**Work instruction**
Reproduce the entries shown below only from the line with "Schneide- & Servierbrett" down to the line with "Hot Green Tea Latte (ชาเขียวร้อน)", keeping both end lines and copying each one exactly.

**Study material**
════

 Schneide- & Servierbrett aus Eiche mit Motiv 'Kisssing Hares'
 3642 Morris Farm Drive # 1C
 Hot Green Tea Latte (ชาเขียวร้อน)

════

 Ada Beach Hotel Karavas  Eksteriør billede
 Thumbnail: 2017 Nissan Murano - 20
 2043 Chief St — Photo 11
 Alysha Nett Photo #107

════

**Solution for this exercise**
 Schneide- & Servierbrett aus Eiche mit Motiv 'Kisssing Hares'
 3642 Morris Farm Drive # 1C
 Hot Green Tea Latte (ชาเขียวร้อน)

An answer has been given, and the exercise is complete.